Studie: Nanoplastik kann Wirkung von Antibiotika beeinträchtigen

Als Nanoplastik bezeichnet mit Kunststoffpartikel mit einer Größe von weniger als 0,001 Milimetern. (Foto: © MAXSHOT_PL/stock.adobe.com)

Im Körper abgelagerte Nanoplastikpartikel können nicht nur die unmittelbare Wirkung von Antibiotika beeinträchtigen, sondern auch die Entstehung antibiotikaresistente Bakterien begünstigen, wie eine neue Studie zeigt.

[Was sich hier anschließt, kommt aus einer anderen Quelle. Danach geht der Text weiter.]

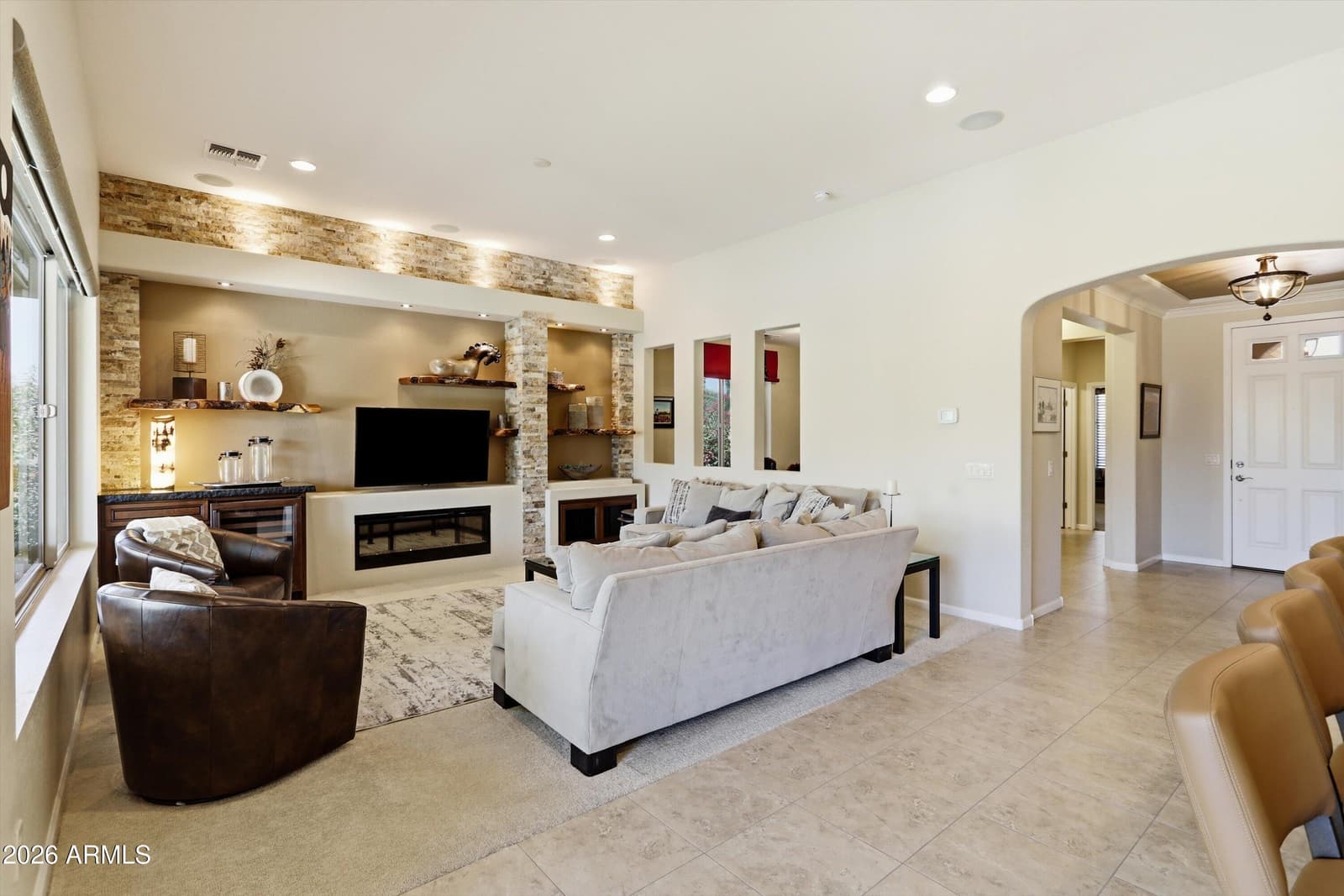 16383 W Sheila Lane, Goodyear, AZ 85395 — photo 13 of 65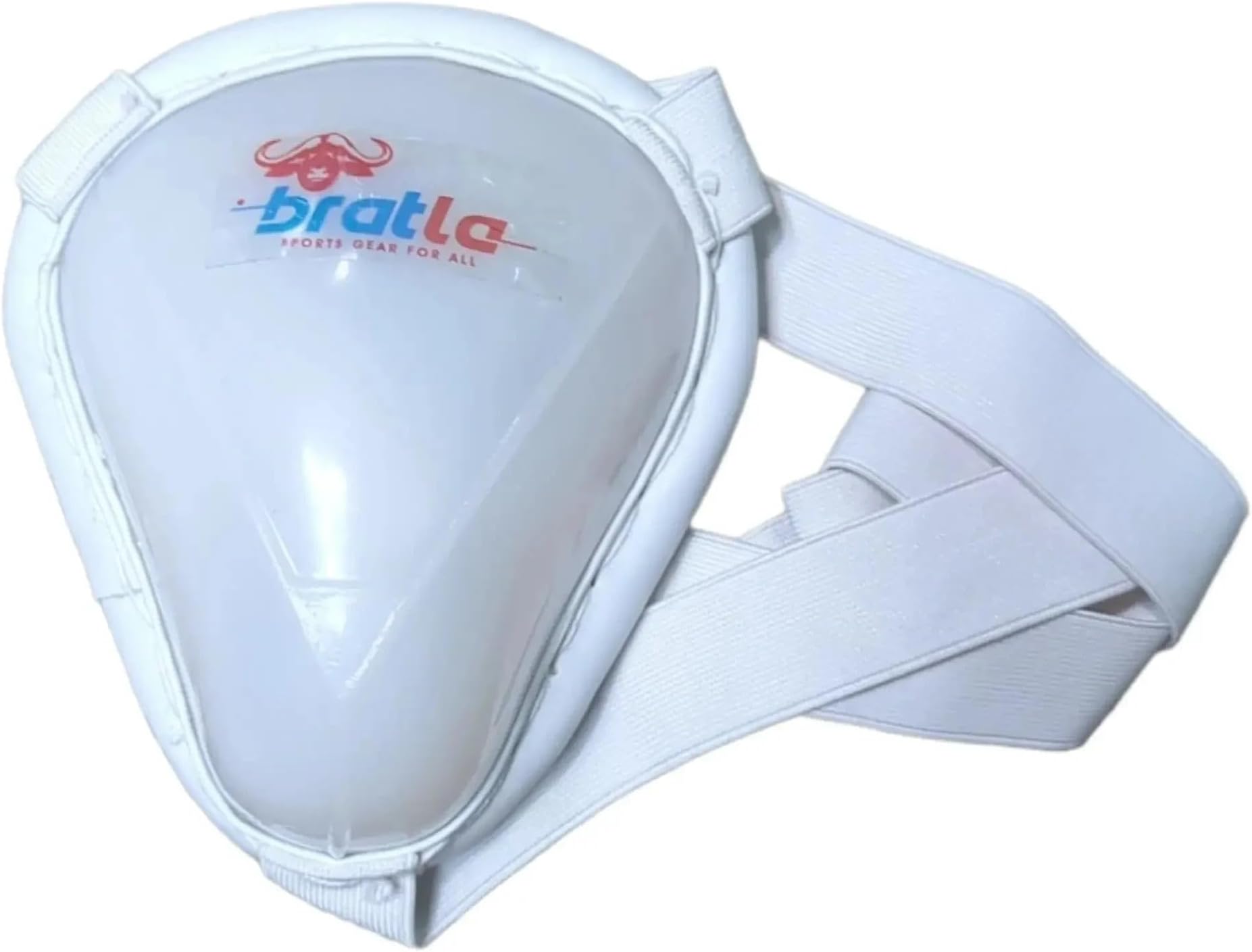 Cricket Abdominal Guard Groin Protector Athletic Cup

Um zu untersuchen, ob und wie Nanoplastikpartikel (Größe <0,001 mm) im Blut mit Antibiotika interagieren, hat ein internationales Forschungsteam unter der Leitung von Prof. Lukas Kenner (MedUni Wien, Österreich), Prof. Barbara Kirchner (Universität Bonn) und Prof. Oldamur Hollóczki (Universität Debrecen, Ungarn) ein gängiges Medikament mit weit verbreiteten Kunststoffarten in Verbindung gebracht. Im Fokus stand das Breitbandantibiotikum Tetracyclin, das gegen viele bakterielle Infektionen etwa der Atemwege, der Haut oder des Darms eingesetzt wird. Bei den Kunststoffen fiel die Wahl auf Polyethylen (PE), Polypropylen (PP) und Polystyrol (PS), die allgegenwärtige Bestandteile von Verpackungsmaterialien sind. Gegenstand der Untersuchungen war auch Nylon 6,6 (N66), das in vielen Textilien wie Kleidung, Teppichen, Sofabezügen oder Vorhängen enthalten ist.

Mithilfe komplexer Computermodelle konnte das Team nachweisen, dass die Nanoplastikpartikel Tetracyclin binden und so die Wirksamkeit des Antibiotikums beeinträchtigen können. „Besonders stark war die Bindung bei Nylon“, betont Kenner und weist auf eine weitgehend unterschätzte Gefahr in Innenräumen hin: „Dort ist die Mikro- und Nanoplastikbelastung etwa fünfmal höher als draußen. Nylon ist einer der Gründe dafür: Es wird aus Textilien freigesetzt und gelangt zum Beispiel über die Atmung in den Körper.“

Gefahr von Antibiotikaresistenzen

Wie die Studienergebnisse zeigen, kann die Bindung von Tetracyclin an Nanoplastikpartikel die biologische Aktivität des Antibiotikums verringern. Gleichzeitig könnte die Bindung an Nanoplastik dazu führen, dass das Antibiotikum an nicht dafür vorgesehene Stellen im Körper transportiert wird, wodurch es seine gezielte Wirkung verliert und möglicherweise andere unerwünschte Effekte hervorruft. „Besonders besorgniserregend ist unsere Erkenntnis, dass die lokale Konzentration von Antibiotika an der Oberfläche der Nanoplastikpartikel ansteigen kann“, berichtet Kenner über ein weiteres Detail aus der Studie. Diese Konzentrationserhöhung könnte zur Entstehung antibiotikaresistenter Bakterien führen. Kunststoffe wie Nylon 6,6, aber auch Polystyrol, die eine stärkere Bindung an Tetracyclin aufweisen, könnten somit das Risiko von Resistenzen erhöhen. „In einer Zeit, in der Antibiotikaresistenzen weltweit zu einer immer größeren Bedrohung werden, müssen solche Wechselwirkungen berücksichtigt werden“, so Kenner.

Die Studie zeigt, dass die Exposition gegenüber Nanoplastik nicht nur als direktes Gesundheitsrisiko zu betrachten ist, sondern indirekt auch die Therapie von Erkrankungen beeinflussen kann. „Wenn Nanoplastik die Wirksamkeit von Antibiotika reduziert, stellt die Dosierung ein massives Problem dar“, betont Kenner mit Blick auf künftige Studien, die sich mit dem Einfluss von Nanoplastik auf andere Medikamente beschäftigen.